The early flexing was a harbinger of what would become FitzGerald's MO. History had taught him that dead-air time between regimes is high season for shenanigans. The hasty moves also gave the new boss a tactical advantage: By acting fast, his team captured upfront a series of candid snapshots of the crippled system he inherited.

And that was the question weighing down the early days of FitzGerald's administration. Outside of what oozed from the stacks of federal indictments and newspaper accounts, there was little real sense of how deep a vein of corruption former Auditor Frank Russo, former Commissioner Jimmy Dimora, and others had spiked into the county's side. The FBI was mum about ongoing investigations. For all FitzGerald knew, the county hallways might be filled all hours of the day with the musical whirl of paper shredders.

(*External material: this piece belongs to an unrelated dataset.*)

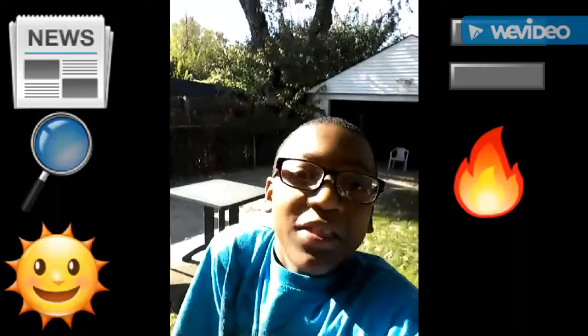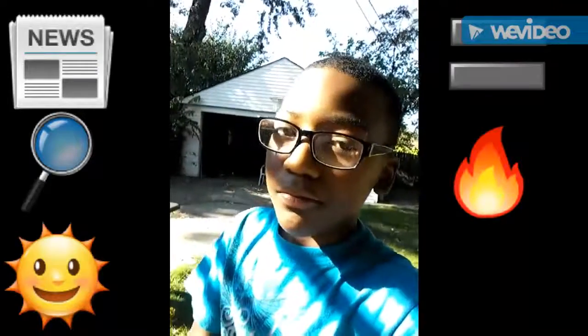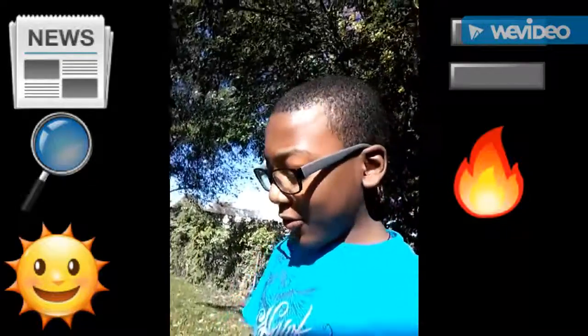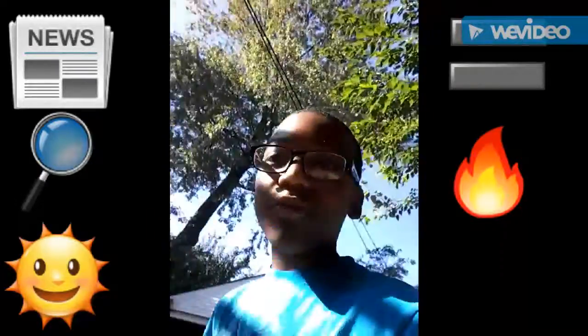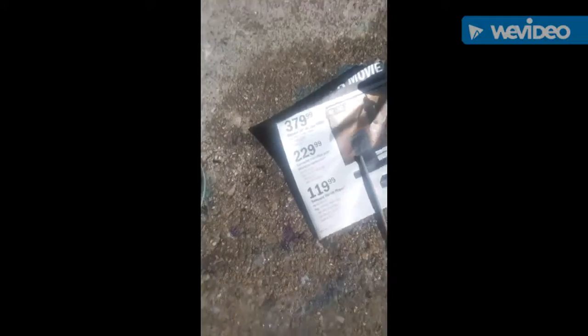What's up guys, today we're gonna be doing nothing. Well, it's hot outside and I'm thinking what else is hot besides peppers? Fire! So today we're gonna be making fire with the magnifying glass. We're gonna need some newspaper and a magnifying glass. I wanted to do something so crazy, so I'm gonna put a sparkler on it too.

"I was afraid that there were going to be huge categories of things that I was going to find out in the first week or so that might even include things up to obstruction of justice," FitzGerald recalls today. "Those things didn't come to pass, but I think that's partly because we had a very engaged transition. We had staff on the ground immediately."

By the time FitzGerald took the oath, his administration had begun to tease out the full scope of its newly adopted mess. In February, the integrity audit came back without spotlighting any criminal offenses. But the news cut both ways: Blatant criminality would be an easy firable offense; the lingering issues inside the county government proved to be more subtle — and harder to stamp out.